Country-lord of Kammanu
- Reign: late 12th century BCE
- Predecessor: Kuzi-Teššub
- Successor: Runtiya
- House: House of Tudhaliya I
- Father: Kuzi-Teššub

= PUGNUS-mili I =

PUGNUS-mili I was a king of the Neo-Hittite polity of Kammanu, centered at Melid, during the early Iron Age (~12th century BCE). The reading of this individual's name is uncertain.

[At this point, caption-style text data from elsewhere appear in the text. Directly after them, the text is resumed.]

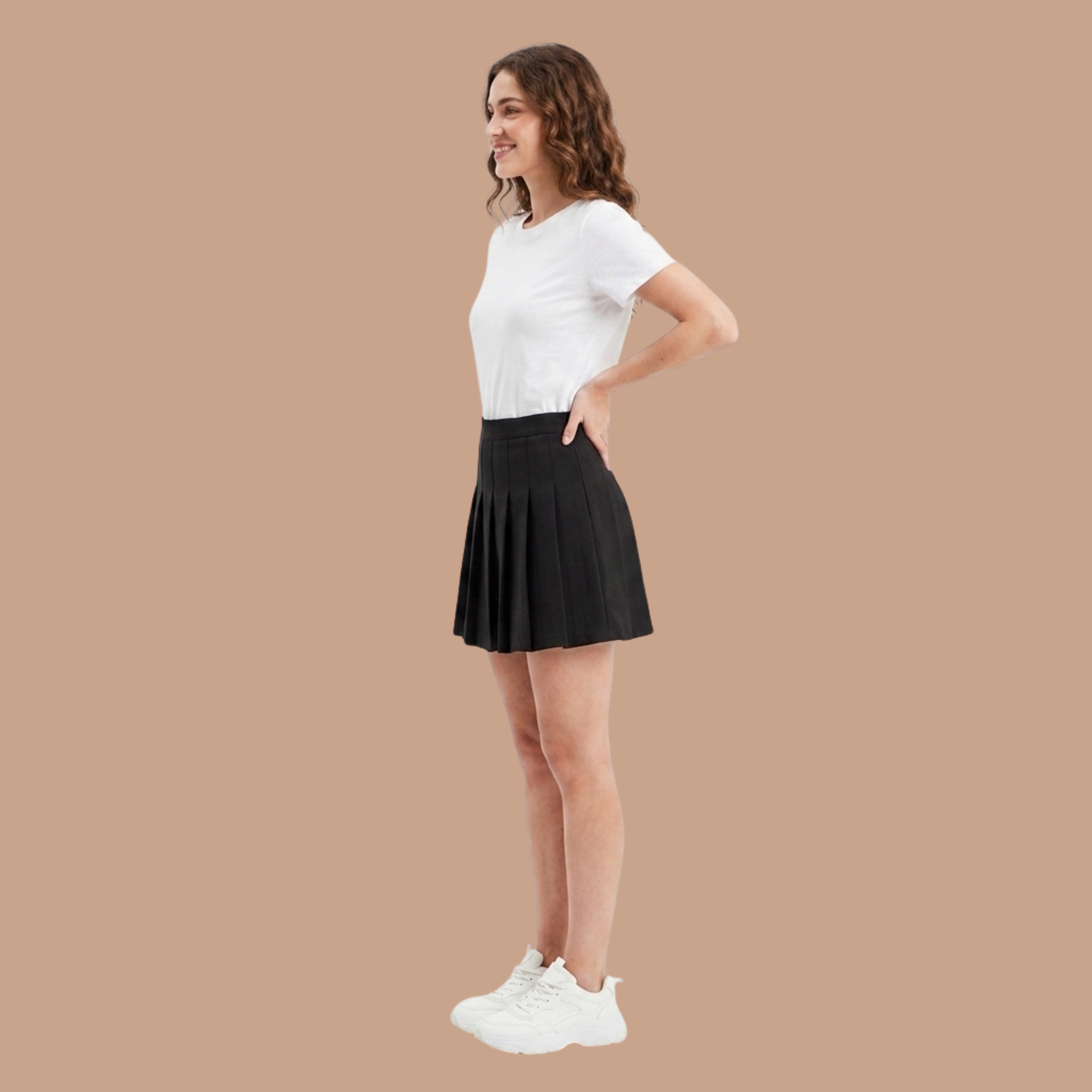Nine99 Store Korean Pleated Mini Skirt for Women | High-Waist A-Line Tennis Skirt | Casual, College & Streetwear | Black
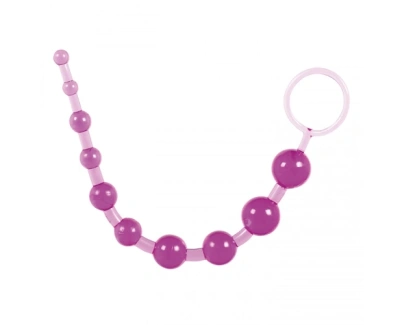 Toy Joy Thai Toy Beads - Анальные шарики на жесткой связке, 25 см (фиолетовый)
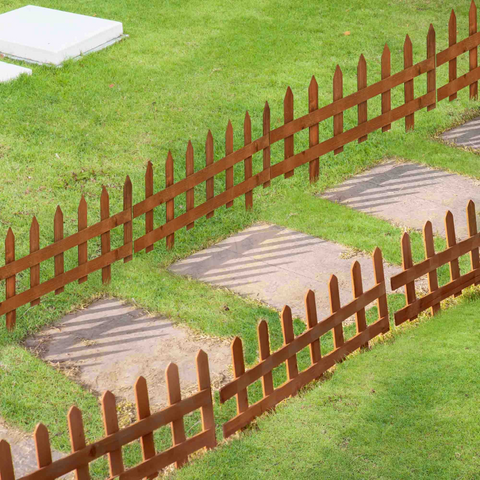 12-Pack Wooden Border Fences - Garden Fixed Picket Fence Set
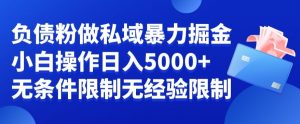 负债粉私域暴力掘金，小白操作入5000，无经验限制，无条件限制【揭秘】-全网第一网赚项目资源库-中赚网 & 中创网 & 冒泡网 & 福缘网 - 小本轻创业与优质加盟项目首选平台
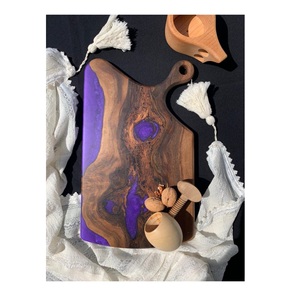 Tabla de cortar de resina y madera para cocina, superficie de preparación de alimentos, tabla de servir de madera dura de lujo, decorativa - Product Image 1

== Identity and attestations ==
PUGNUS-mili is the transcription of a royal name written in Anatolian hieroglyphs, the word "PUGNUS" representing a fist-shaped sign. The reading of this name is uncertain, but Assyrian cuneiform sources suggesting this king's name was in fact Allumalli, Allumili or Allumari. PUGNUS-mili was mentioned in the genealogical inscriptions of his son Runtiya (Inscriptions Gürün and Kötükale) and great-grandson Arnuwanti (stele from Darende), each rulers of Melid. These inscriptions name Kuzi-Teshub, king of Carchemish, as having been the father of PUGNUS-mili, but they do not refer to either as ever having been a king of Melid. This leaves ambiguity as to whether or not PUGNUS-mili was a king of Melid. An orthostat from Arslantepe (archaeological site of Melid) depicts a "King PUGNUS-mili" pouring libations for the Storm God, but it is unknown whether this depicts PUGNUS-mili I or II.